- Directed by: Francis Megahy
- Written by: Francis Megahy Bernie Cooper
- Produced by: Martin McKeand
- Starring: Ian McShane Warren Clarke Stephen Greif Christopher Malcolm
- Cinematography: Peter Jessop
- Edited by: Arthur Solomon
- Music by: Stanley Myers
- Production company: ITC Entertainment
- Distributed by: Incorporated Television Company
- Release date: 21 March 1979;
- Running time: 102 minutes
- Country: United Kingdom
- Language: English
- Budget: £364,000

= The Great Riviera Bank Robbery =

1979 British film by Francis Megahy

The Great Riviera Bank Robbery, also known as Dirty Money and Sewers of Gold, is a 1979 British heist film written and directed by Francis Megahy and starring Ian McShane, Warren Clarke, Stephen Greif and Christopher Malcolm. In the film, based on a bank robbery masterminded by Albert Spaggiari in 1976, members of a neo-fascist group team up with professional criminals to rob the safe deposit vault of a bank in a French resort town.

It is the British version of the French film Les Égouts du paradis, released the same year.

==Plot==
Bert and Jean are members of a right-wing nationalist organisation closely connected to the Organisation armée secrète. Both men are ex-military, but now find themselves on the wrong side of the law in Nice, France. Needing to raise cash to buy weapons, Bert, an ex-paratrooper known as 'The Brain', devises a plan to dig their way into a bank vault from below.

Requiring criminal expertise, they persuade some local French gangsters to join them, in return for a cut of the haul. The gangsters' interest is purely financial, whilst Bert is at pains to point out that his interest is political. After several nights spent digging through a wall in a sewer, they break their way into the safe deposit boxes, and try to make their getaway without being caught.

They delay pursuit by welding the vault shut so that the crime is not discovered immediately as the bank assumes it is a faulty door, which will not open. The gang lie low in a villa and go to great lengths ensure the loot is shared fairly with the gang to avoid recrimination.

The police struggle to get a lead but the gangsters soon start spending their shares and the notes are traced back to them leading to all the gangsters being arrested.

Meanwhile, the fascists are trying to sell the gold bars. They use connections with corrupt government officials to get it on a flight to Japan, disguised as camera equipment. It is then sold without questions being asked. They spend their share on buying arms.

Eventually the police get a lead from the gangsters criminal network as to the whereabouts of 'The Brain'. He and most of the others are arrested and the arms found. He tries to cut a deal, exchanging a full disclosure on how the robbery was carried out in exchange for the arms charges being dropped.

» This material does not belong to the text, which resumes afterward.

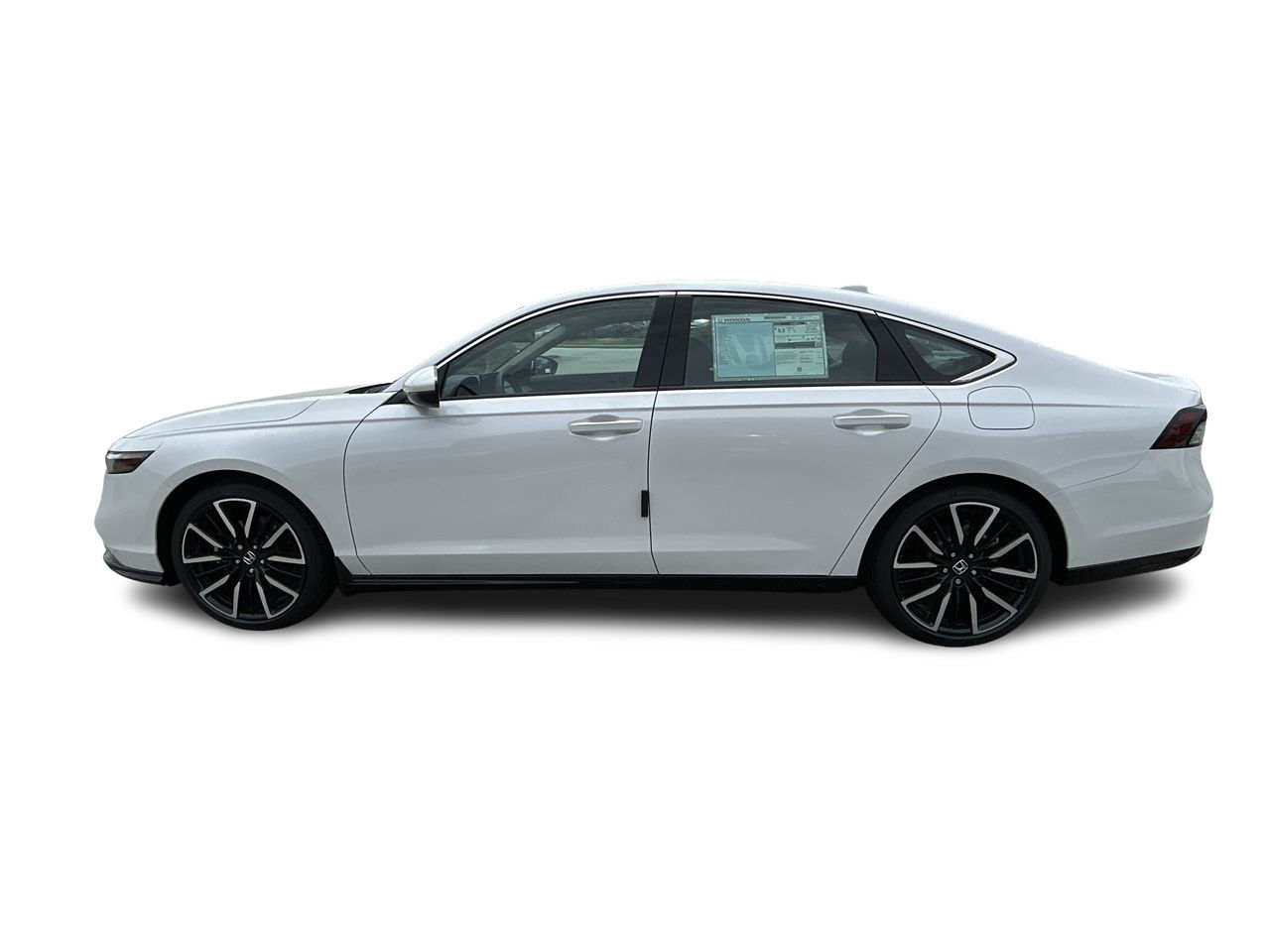 2025 Honda Accord Hybrid in North Vancouver, British Columbia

Before he can be brought to trial those accomplices who remain free snatch him from police custody and he escapes to South America.

==Cast==
- Ian McShane as The Brain
- Warren Clarke as Jean
- Stephen Greif as Rocco
- Christopher Malcolm as Serge
- Nigel Humphreys as Alex
- Eric Mason as Fernand
- Matthew Long as Michel
- Alain Guano as Alain
- Barry Lowe as Lawyer
- John Malcolm as Gendarme
- Jonathan Elsom as Magistrate
- Arnold Diamond as Town Hall Man
- Christopher Burgess as Policeman
- Kevin Brennan as Customer
- Sheila Ruskin as Bank Girl
- Adrian Shergold as Young Leftie

==Miscellanea==
A French film based on the same events, Les Égouts du paradis, directed by Jose Giovanni, was released the same year.

The robbery on which the film is based was carried out by the French criminal Albert Spaggiari.

==Media releases==
The film was released on Region 2 DVD in 2007.